To further illustrate these ideas, we recommend that you read an English translation of the text of Cheng Man-Ching’s “Hall of Happiness” scroll, which, we hope, will convey some of the spirit and “personality” of our own school.

It is available at: http://www.centerstatestaichi.com/ChengMan-ching.htm

Disclaimers and Miscellaneous Information:

Yale New Haven T’ai Chi Study Group makes no claims as to health benefits. We ask students to take responsibility for recognizing, and acknowledging the limitations of their body and/or emotions. It is the student’s responsibility to inform instructors of any health conditions that may interfere with a safe and enjoyable practice and to protect oneself from injury by taking those limitations into account in one’s own practice. T’ai Chi has, as one of its fundamental aspects, the study of martial art, and is a physical practice among a community of people. It should be understood that this practice is an assumed risk. Please consult a physician before, or during, practice as necessary. We ask that all students both maintain a safe learning environment and also engage only in activities that they deem safe for themselves. It is entirely acceptable to excuse oneself from any practice in the school that causes discomfort or apprehension.

Professor Cheng followed strict Confucian ideals. These include the importance of humanity and the value of sharing knowledge with everyone willing to learn. We find this orientation to be admirable and consistent with our own values. These values are expressed in many ways including the fact that we do not discriminate by race, gender, religion, creed, sexual orientation or financial ability.
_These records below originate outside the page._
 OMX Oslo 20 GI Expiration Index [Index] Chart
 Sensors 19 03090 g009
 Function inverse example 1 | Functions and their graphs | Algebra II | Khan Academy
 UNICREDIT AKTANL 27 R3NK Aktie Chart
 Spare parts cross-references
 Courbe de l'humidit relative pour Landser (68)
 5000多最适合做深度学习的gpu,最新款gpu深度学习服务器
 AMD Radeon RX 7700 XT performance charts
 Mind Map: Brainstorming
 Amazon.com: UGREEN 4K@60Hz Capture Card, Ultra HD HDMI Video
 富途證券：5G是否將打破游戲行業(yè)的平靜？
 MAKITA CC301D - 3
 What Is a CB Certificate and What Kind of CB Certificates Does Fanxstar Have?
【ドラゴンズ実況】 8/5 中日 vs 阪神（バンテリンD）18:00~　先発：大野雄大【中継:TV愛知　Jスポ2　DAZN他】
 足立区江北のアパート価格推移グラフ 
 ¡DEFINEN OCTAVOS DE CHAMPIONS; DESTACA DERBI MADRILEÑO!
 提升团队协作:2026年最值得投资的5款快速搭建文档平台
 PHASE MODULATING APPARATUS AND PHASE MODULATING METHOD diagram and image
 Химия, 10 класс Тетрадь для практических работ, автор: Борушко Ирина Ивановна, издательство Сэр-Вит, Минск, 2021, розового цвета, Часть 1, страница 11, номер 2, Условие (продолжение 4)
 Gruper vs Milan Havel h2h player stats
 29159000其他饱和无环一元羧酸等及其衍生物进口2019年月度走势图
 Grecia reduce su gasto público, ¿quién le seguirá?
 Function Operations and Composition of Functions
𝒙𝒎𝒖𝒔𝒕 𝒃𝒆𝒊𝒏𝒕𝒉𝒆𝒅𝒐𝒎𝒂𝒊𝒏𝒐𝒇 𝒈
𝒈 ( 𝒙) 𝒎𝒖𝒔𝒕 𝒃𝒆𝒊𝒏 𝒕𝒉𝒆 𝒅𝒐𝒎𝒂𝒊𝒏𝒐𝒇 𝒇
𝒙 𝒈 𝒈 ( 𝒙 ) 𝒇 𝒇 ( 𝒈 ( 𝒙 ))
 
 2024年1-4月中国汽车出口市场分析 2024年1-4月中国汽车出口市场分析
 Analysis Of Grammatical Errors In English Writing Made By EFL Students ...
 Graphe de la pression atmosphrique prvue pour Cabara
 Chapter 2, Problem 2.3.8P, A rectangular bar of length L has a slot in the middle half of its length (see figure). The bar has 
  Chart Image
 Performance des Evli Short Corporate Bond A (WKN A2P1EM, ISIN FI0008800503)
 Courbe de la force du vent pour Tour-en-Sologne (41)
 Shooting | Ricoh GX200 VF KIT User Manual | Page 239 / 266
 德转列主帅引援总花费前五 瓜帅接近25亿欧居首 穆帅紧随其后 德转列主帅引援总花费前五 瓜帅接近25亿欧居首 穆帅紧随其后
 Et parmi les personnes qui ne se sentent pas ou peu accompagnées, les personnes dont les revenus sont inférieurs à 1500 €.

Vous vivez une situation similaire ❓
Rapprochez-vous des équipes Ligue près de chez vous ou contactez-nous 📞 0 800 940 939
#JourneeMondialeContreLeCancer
Club dues are $40 a month. There is a sliding scale – please pay what you can afford. We use this money primarily to rent our room and to compensate outside instructors.

Our formal beginners’ class is on Friday evenings from 5:30 to 6:30 in the Dwight Hall Common Room. Continuing students meet from 6:30 to 8 p.m. There is open practice for all levels Monday and Wednesday at 5:30 p.m. in Dwight Hall.